Government must come up with a solution to the shame of subdivided flats
As this newspaper reported on Tuesday, the conditions in subdivided flats are so distressing that some people end up sleeping in the street.
When people would rather sleep in the street than live under a roof, something is clearly amiss. We are, of course, talking about the notorious subdivided units - shoe-box partitions that can barely fit in a bed for individuals or families, all crammed into what would have been a standard flat for one family. As this newspaper reported on Tuesday, the conditions in subdivided flats are so distressing that some people end up sleeping in the street.
The story of Ah Keung may be extreme. The 48-year-old makes around HK$4,000 a month from doing odd jobs and has shuttled between sleeping on the streets and in subdivided flats over the past eight years. He currently beds down under a pedestrian flyover in Yau Ma Tei, saying it is more pleasant than living in a cubicle. But he and dozens of others are to be evicted, as district councillors have decided to "beautify" the area by fencing it into a storage area for rubbish bins.

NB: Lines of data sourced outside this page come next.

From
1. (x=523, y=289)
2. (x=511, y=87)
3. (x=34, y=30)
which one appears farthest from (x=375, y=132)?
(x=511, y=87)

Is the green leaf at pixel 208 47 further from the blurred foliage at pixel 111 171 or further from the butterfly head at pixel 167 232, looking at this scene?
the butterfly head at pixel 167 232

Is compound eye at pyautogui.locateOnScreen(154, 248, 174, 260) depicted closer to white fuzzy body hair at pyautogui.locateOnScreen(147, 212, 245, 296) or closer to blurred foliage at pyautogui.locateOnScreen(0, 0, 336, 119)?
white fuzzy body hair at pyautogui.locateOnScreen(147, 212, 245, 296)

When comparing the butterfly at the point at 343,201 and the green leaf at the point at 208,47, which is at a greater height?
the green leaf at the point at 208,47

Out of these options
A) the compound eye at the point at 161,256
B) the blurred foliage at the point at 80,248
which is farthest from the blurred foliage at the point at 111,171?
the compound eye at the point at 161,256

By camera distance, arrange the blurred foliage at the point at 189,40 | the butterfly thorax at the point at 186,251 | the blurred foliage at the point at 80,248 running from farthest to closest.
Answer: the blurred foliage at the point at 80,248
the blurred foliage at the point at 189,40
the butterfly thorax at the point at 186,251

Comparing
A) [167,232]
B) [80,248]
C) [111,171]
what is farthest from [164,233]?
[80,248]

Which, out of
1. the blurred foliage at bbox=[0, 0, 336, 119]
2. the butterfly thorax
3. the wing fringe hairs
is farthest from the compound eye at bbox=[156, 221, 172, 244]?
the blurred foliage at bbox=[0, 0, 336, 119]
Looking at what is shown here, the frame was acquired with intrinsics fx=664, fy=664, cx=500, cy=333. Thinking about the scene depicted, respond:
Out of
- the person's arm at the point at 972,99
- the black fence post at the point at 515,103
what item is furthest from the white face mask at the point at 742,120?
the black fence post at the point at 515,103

This sorry state of affairs speaks volumes about the city's housing conundrums. An official estimate put the subdivided housing population at about 171,000, prompting calls for urgent government intervention. Officials have floated the idea of regulation with a licensing system - a halfway house between a total ban and keeping the status quo. But it was soon shot down amid worries that many tenants living in unsafe units would eventually be displaced. Flats that can meet fire and building safety requirements will charge more exorbitant rents.
An advanced economy like Hong Kong has no place for such shabby housing. That subdivided units have mushroomed into a sizeable slice of the housing market is a real shame. The proliferation of such accommodation, many of which are illegal and unsafe, is indeed a time bomb waiting to explode. They are as much an affront to human dignity as they are safety hazards.

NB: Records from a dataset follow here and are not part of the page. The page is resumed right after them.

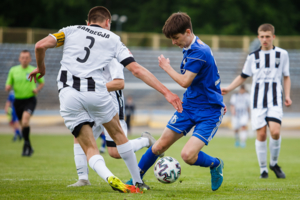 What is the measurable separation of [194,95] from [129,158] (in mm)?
1146

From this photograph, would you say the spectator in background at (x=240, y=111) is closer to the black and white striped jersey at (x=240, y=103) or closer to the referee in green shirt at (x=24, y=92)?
the black and white striped jersey at (x=240, y=103)

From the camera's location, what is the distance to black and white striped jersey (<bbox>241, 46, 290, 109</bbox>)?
6613 mm

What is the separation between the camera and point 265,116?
6.62 m

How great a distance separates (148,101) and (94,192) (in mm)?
26303

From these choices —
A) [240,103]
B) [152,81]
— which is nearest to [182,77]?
[152,81]

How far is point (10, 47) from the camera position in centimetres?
3152

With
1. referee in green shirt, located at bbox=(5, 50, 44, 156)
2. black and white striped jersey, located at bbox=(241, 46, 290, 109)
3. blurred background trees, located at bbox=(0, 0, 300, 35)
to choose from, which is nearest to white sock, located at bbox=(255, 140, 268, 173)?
black and white striped jersey, located at bbox=(241, 46, 290, 109)

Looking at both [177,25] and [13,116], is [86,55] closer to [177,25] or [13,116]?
[177,25]

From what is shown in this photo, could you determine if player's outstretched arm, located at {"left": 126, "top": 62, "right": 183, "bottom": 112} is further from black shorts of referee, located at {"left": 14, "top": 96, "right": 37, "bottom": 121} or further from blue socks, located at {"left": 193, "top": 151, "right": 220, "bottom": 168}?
black shorts of referee, located at {"left": 14, "top": 96, "right": 37, "bottom": 121}

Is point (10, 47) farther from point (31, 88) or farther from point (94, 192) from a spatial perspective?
point (94, 192)

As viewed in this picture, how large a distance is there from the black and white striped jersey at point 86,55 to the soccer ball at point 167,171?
133 cm

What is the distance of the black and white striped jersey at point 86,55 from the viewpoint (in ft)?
14.1

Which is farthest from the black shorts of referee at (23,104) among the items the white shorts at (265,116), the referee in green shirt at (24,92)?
the white shorts at (265,116)

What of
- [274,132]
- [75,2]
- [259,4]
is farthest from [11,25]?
[274,132] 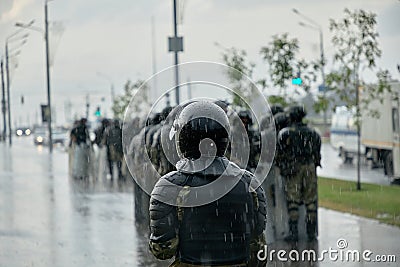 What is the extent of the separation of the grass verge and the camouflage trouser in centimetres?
212

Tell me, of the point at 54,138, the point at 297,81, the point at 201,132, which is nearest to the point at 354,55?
the point at 297,81

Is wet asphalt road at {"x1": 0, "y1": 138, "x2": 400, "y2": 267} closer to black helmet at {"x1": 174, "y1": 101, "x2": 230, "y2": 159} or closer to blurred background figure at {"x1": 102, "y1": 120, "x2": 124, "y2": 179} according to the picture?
blurred background figure at {"x1": 102, "y1": 120, "x2": 124, "y2": 179}

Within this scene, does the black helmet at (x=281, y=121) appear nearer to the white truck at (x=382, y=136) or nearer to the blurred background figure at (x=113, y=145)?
the white truck at (x=382, y=136)

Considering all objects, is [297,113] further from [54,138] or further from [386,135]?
[54,138]

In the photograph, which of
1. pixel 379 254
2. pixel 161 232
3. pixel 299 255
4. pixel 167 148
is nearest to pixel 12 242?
pixel 299 255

Speaking at a town hall session in August 2013, Chief Executive Leung Chun-ying said the plight of those living in subdivided units sometimes kept him up at nights. It is regrettable that the issue was not pursued further when the government finalised the housing strategy for the next 10 years. Admittedly, the prevalence of subdivided units makes an immediate ban unrealistic. But the community still expects a clear commitment from the government to phase out such housing in the long term. We trust Leung is not sweeping the issue under the carpet. Doing nothing is not an option.